Cody stretched out in his leather lounger and reached up to turn off the reading lamp above his head.
“Did you see this scarlet beast in your dream tonight?”
“No. Because the beast is gone, and anyhow St. John’s vision doesn’t jibe with . . . my knowledge of things as they are. It wasn’t scarlet, either. It had the body of a tiger, dark gray with black stripes, and only one head, but that was the head of a jackal or hyena. Ugly enough, in its fashion. The beast was the alter shape of the Magician, and its purpose was to mate with me.”
“Why you?” Cody said, after a few jolting beats of his heart.
“To combine our powers in a third entity, beast of woman born, ruler of the Long Darkness, the tribulation of mankind the Bible also refers to.”
Cody swallowed some cognac, looking a little unhappy.
Eden said, “If you want to call the cops, I promise I’ll go quietly.”
“I already told you, I’m in for the long haul. You just keep coming up with . . . But I don’t read you any way but truthful. I like to think I know people pretty damn well.”
“Listen, Cody. My mom is a clinical psychologist. She could tell you about patients who are intelligent, well spoken, and so plausible in their delusions they could beat a lie detector every time. I could be one of them.”
“Then I must be delusional myself. I’m dreaming all of this, right?”
He got up from his chair, crossed to the sofa, lifted Eden straight up, and kissed her. Eden’s r
esistance lasted a couple of seconds. The kiss went on for a while, until she got her toes on the floor.
Cody said, when he pulled his face back inches from hers, “Finally got to the part of the dream I’m liking best.”
Eden touched his mustache, his lips, eyes losing focus. “Don’t get me going. I’m—”

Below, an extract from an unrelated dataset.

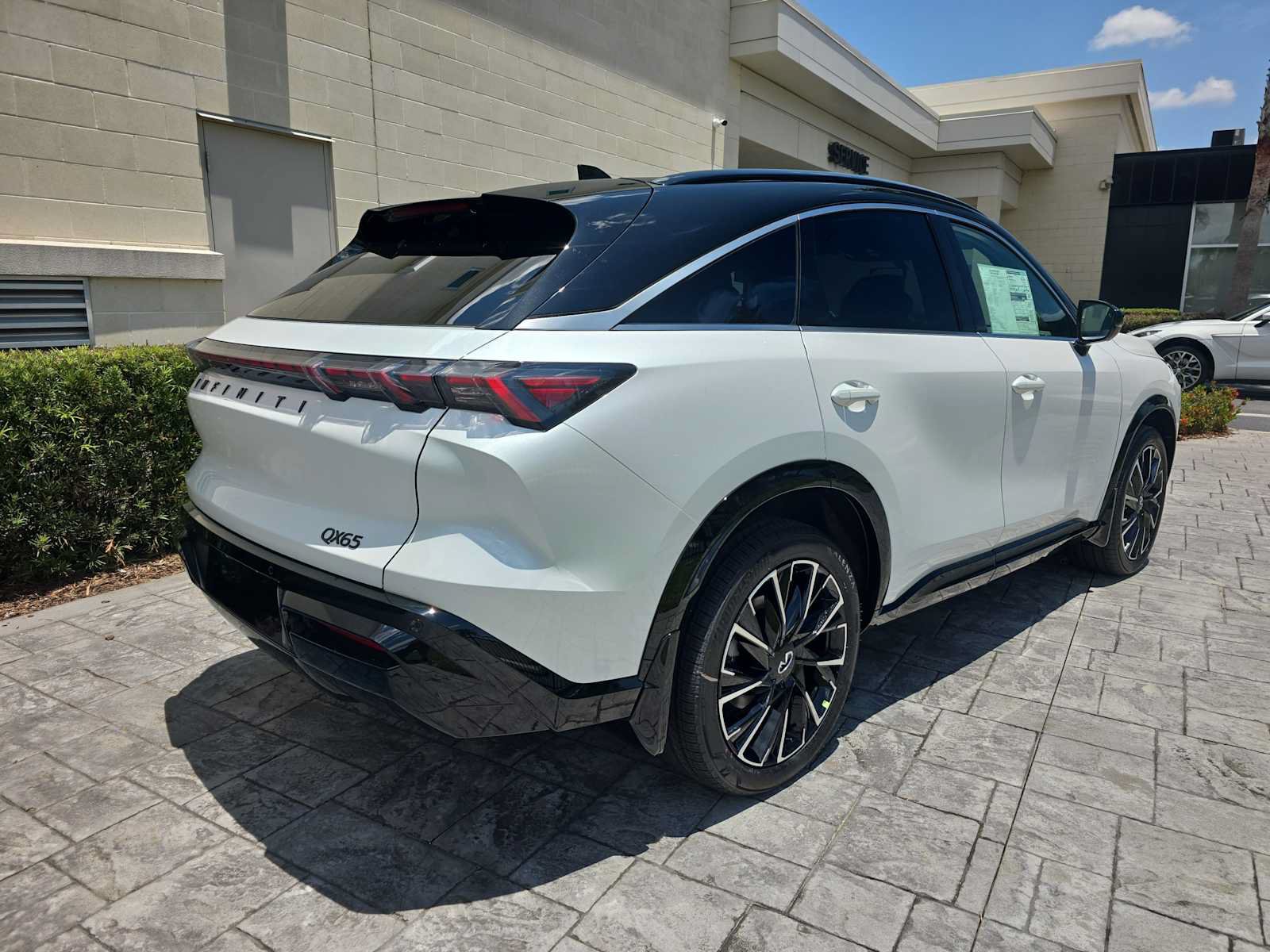 New 2027 INFINITI QX65 Autograph w/ Cargo Package AWD/4WD image 3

“Involved. I know. With this Tom fella who’s run off on you.”
“No, he hasn’t! Dammit, Cody, I’m sure he took the were-beast away, with the help of . . . others. A friend in Rome. This wasn’t the first beast the Church has had to dispose of. Tom is making sure the thing is buried, and stays buried forever.”

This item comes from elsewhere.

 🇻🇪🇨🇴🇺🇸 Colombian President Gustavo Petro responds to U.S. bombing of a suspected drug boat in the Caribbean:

“So that would make two of you who have seen it.”
“And Bertie. And Tom’s houseman and others at Shungwaya. I wasn’t there the first time it came calling on me. Cody, let go now.”
He let her go. She stayed close.
“First time I kissed a girl,” Cody said, “I counted to myself. One Mississippi, two Mississippi . . . Like I was holding my breath under water.”
Eden snickered. “I was chewing gum, and I didn’t know what to do with it. I must’ve swallowed it, because we were really lip-locked. I’d better have a drink now. Short one?”
“Okay. So if the beast wasn’t in your dreams, what did you see that upset you so much?”
“The feminine half of Mordaunt’s soul. Tom and Bertie also saw her, or it, in Africa just a couple of weeks ago, mounted on the were-beast that had come there looking for me. She was naked, wrists bound by silver shackles. Her body unmistakably a woman’s. But her face, they said, was unformed, a specter. Tonight I had a better look at her in my dream. She was walking on a mountain of human souls and bones, and that mountain was called Acheron. Unshackled at last, pulling down stars with one hand, unearthing lightning from the depths of the mountain with the other, combining celestial and man-made power into a fury of pure energy that crackled from her fingertips. She wove a web of fire above the mountain and the desert and down to the city of the desert; and all of the souls inside the great city looked up and they cried out, ‘Alas, alas, Babylon,’ because none could escape.”